The triptych, titled “Neptune’s Barber,” is a typically dense and vibrant work for Art, its figures beckoning the viewer into a narrative only they seem to know. It will leave you spellbound, even so.
“You don’t know what everything means that you encounter on the street,” Art says, relating the ambiguous storytelling in his work. “But it sets off a process of association that I hope becomes richer the more time you spend with it.
“I don’t mean it to be offputting,” he adds, “that it’s something the viewer isn’t being let in on. They’re elements from life, people I’ve met; there’s a self-portrait and a portrait of Margo there.”
He says his heroes “are the ones whose creative works demand some time,” though he’s quick to add that he doesn’t consider himself in their company.

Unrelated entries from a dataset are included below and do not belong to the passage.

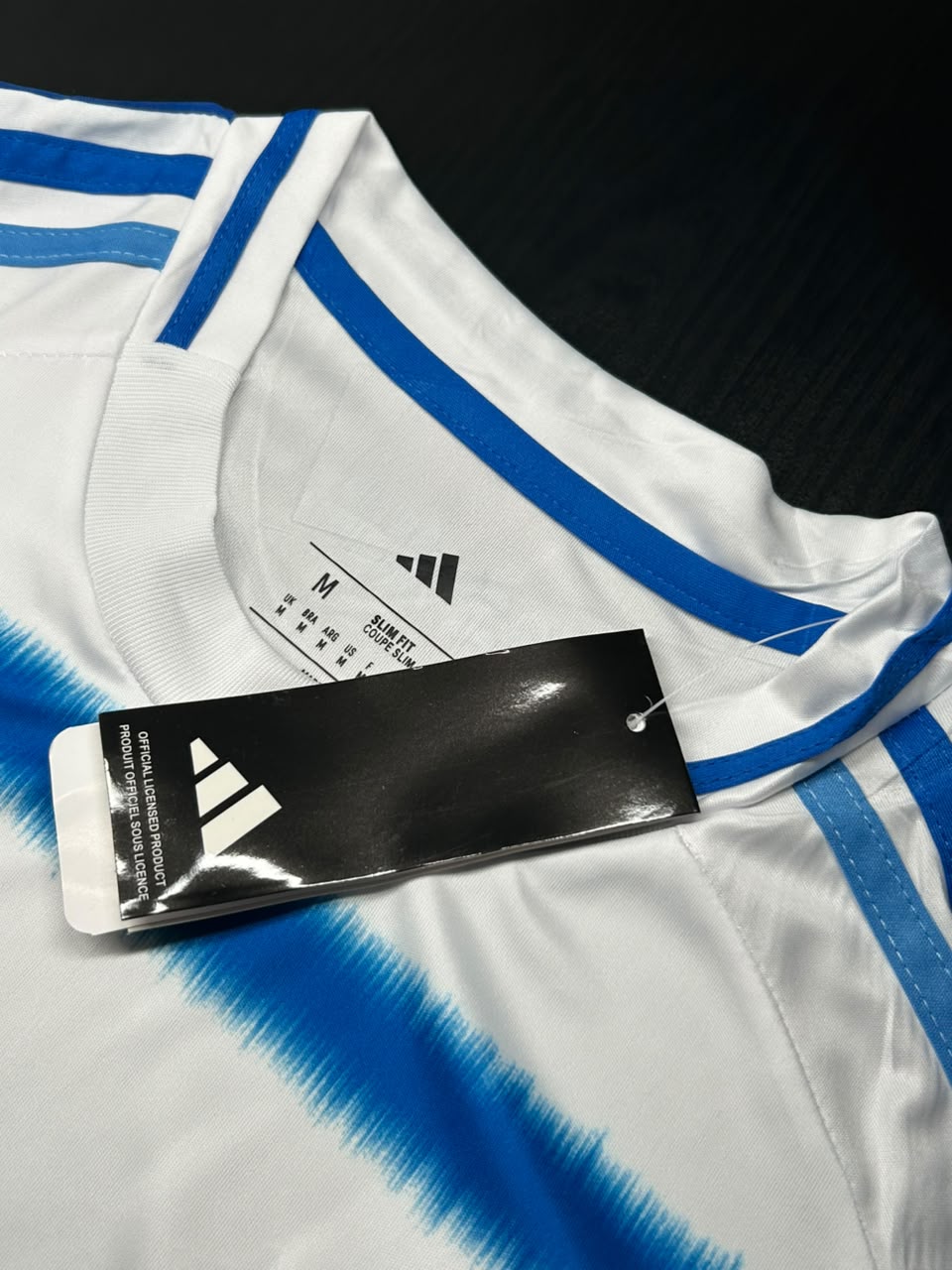 Camisa Branca Cruzeiro II 2025/26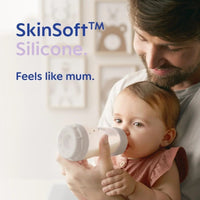 MAM Easy Start Anti Colic Bottle 260ml Pack of 2 - Blue - Miu Mau Collectibles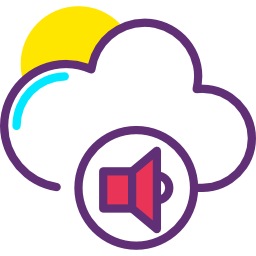 Cloud icon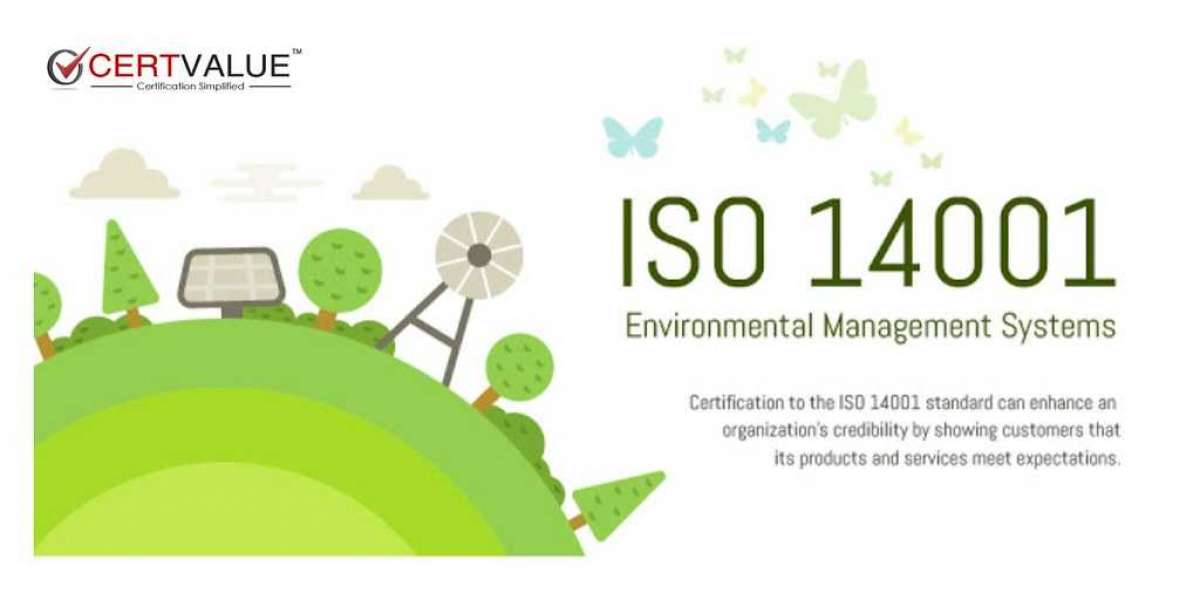 Why ISO 14001 certification is Important in Industries?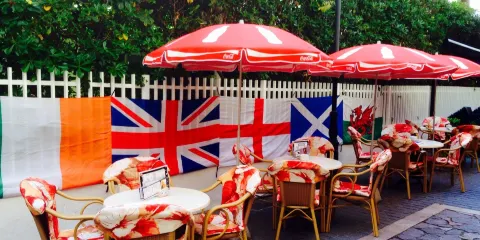 Smugglers bar alcudia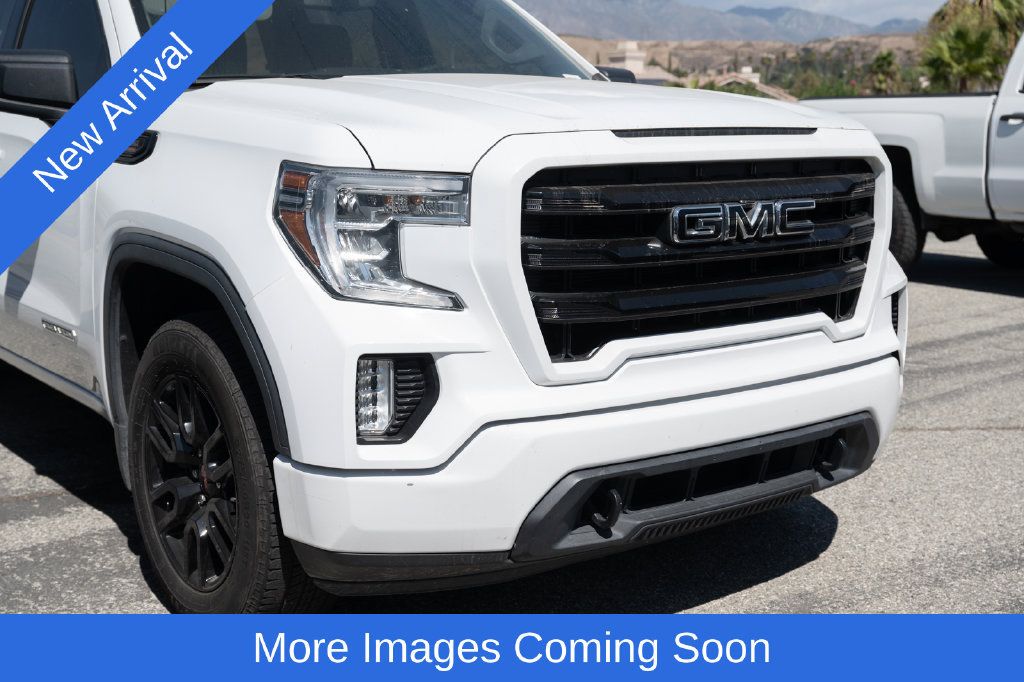Used 2021 GMC Sierra 1500 Elevation RWD image 8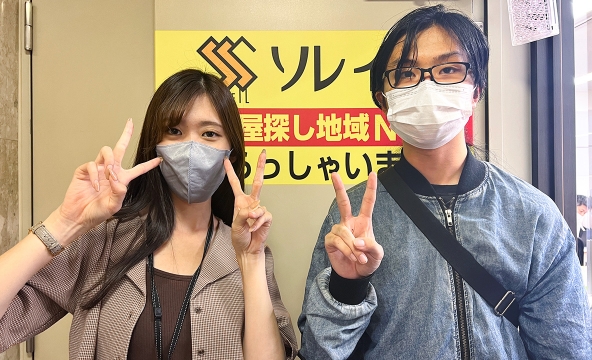 Ｎ・Ｍ様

Regardless, a viewer can’t help but spend time with his work. And feel it’s time well-spent.
Art’s trio of pastels, “Falls at Tuckaway 1-3” show the artist in another medium and subject matter. These are landscapes (he’s a figurative artist for the most part), and are alive with fluid lines in the water’s motion, and wild abandon and chaos in the woods and land around it.
And just as compelling are Margo’s large digital photographs, taken on the couple’s trips to Ecuador in 2009 (with the University of Georgia) and in Japan in April of this year (where they attended a wedding).
Composition and color are vivid, and in some cases create an almost abstract quality, though never so much that the connection with the subject is lost. There’s also a clear fascination on the artist’s part in seeing each country’s ancient tradition co-mingling with its present, modern culture.
Also presented are luminous black and white silver gelatin prints (taken during Art’s field recordings). Margo’s ability to capture a moment at its height probably is most evident in “Doc and Lucy with Kids Singing, 1978.” The subjects, Athens’ own Doc and Lucy Barnes, with their children, are completely lost in the song, drawing us in so much we want to know what they’re singing.
Thankfully, Art can answer the question, and has it committed to tape — “Teach Me Master, Teach Me How To Pray,” which is included on the first volume of “The Art of Field Recording,” he says.
He notes that the photograph is typical of Margo’s talent behind the lens.
And on that note, feedback is another thing the two don’t wax poetic about.
“We do look at each other’s work,” Art says. “We talk to each other and are very honest — we’re not a mutual admiration society,” he adds with a laugh. “But I really respect Margo’s eye and her opinions. We learn from each other.”